◆ PROBLEM REQUIREMENTS
Look through the records below, count the lines with the word "Purple", and reply with only the number.

◆ RECORDS FOR PROCESSING
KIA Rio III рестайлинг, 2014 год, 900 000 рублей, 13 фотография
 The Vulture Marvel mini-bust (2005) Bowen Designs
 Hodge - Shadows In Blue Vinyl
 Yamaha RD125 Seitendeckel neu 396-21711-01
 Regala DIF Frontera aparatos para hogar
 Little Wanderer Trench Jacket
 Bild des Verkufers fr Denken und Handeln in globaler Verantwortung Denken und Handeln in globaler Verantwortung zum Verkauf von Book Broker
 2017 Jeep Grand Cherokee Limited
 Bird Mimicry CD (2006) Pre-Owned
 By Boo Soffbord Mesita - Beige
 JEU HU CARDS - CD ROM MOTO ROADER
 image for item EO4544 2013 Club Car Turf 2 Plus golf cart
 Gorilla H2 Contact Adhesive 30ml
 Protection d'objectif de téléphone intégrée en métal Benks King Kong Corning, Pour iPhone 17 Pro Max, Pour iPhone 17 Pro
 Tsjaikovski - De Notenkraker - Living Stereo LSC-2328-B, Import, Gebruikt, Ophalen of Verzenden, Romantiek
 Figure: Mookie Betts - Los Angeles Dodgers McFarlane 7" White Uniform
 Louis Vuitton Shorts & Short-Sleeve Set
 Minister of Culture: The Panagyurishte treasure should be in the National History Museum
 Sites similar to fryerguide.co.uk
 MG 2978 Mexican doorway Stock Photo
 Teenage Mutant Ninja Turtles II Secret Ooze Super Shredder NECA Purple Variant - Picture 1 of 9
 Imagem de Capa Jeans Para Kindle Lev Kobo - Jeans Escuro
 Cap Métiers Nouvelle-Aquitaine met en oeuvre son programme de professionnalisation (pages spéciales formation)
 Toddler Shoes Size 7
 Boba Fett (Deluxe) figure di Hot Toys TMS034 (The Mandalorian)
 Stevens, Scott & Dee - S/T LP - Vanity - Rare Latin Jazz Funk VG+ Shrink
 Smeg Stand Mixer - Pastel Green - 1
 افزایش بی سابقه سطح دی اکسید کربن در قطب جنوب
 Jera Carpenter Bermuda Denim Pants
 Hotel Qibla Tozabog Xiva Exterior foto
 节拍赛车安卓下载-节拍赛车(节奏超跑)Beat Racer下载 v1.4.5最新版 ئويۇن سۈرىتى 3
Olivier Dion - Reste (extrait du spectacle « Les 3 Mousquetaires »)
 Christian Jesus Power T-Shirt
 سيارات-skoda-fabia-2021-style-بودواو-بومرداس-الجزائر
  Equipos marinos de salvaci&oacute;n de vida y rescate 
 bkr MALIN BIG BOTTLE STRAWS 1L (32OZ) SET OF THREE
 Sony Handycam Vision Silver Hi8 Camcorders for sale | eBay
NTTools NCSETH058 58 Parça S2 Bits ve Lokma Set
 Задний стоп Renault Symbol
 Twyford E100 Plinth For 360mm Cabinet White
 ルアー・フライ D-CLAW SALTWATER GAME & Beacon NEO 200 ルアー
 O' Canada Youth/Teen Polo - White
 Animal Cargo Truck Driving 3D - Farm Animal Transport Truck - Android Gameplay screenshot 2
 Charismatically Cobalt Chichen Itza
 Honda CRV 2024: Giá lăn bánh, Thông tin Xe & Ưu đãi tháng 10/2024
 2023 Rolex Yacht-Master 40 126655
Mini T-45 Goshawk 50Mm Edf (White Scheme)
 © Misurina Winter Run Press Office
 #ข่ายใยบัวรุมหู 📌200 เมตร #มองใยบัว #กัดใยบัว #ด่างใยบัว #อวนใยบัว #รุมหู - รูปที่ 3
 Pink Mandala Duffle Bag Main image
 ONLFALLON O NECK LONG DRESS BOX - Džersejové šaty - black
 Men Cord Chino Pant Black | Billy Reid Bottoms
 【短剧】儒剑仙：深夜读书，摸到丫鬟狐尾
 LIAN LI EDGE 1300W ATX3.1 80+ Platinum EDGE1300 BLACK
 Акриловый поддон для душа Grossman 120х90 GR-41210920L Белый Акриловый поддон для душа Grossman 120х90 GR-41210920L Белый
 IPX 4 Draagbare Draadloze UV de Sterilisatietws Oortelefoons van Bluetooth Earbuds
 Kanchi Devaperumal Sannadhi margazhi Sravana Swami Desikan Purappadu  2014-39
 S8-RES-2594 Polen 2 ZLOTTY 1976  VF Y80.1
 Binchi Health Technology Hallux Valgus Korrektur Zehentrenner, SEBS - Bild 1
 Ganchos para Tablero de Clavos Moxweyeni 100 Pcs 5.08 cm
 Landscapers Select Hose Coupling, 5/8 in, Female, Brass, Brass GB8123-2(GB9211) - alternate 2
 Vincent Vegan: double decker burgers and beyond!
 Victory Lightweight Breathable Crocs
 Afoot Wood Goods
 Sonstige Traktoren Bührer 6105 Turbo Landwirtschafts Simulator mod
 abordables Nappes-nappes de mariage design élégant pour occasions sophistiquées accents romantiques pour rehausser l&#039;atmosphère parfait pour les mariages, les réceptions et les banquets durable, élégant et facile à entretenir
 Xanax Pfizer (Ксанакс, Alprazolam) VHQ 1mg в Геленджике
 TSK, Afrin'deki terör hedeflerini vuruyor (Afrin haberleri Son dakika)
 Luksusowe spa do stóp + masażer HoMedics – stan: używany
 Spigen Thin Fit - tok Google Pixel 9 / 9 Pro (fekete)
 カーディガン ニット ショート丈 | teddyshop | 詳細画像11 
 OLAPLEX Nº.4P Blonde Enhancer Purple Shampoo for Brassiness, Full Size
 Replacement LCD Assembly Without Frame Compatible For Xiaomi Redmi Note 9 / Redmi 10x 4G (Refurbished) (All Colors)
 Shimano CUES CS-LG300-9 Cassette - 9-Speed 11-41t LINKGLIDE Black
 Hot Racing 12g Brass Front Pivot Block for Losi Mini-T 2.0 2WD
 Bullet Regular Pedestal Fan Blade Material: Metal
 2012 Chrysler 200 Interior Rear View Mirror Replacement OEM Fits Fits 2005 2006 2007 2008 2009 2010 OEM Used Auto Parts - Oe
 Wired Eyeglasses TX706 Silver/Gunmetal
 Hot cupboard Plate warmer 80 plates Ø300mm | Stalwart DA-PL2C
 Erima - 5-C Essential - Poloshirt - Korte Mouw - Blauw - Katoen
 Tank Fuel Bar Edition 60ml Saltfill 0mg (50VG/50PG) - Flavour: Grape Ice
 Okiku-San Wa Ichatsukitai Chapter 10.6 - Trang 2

◆ OUTPUT OF THE EXERCISE
2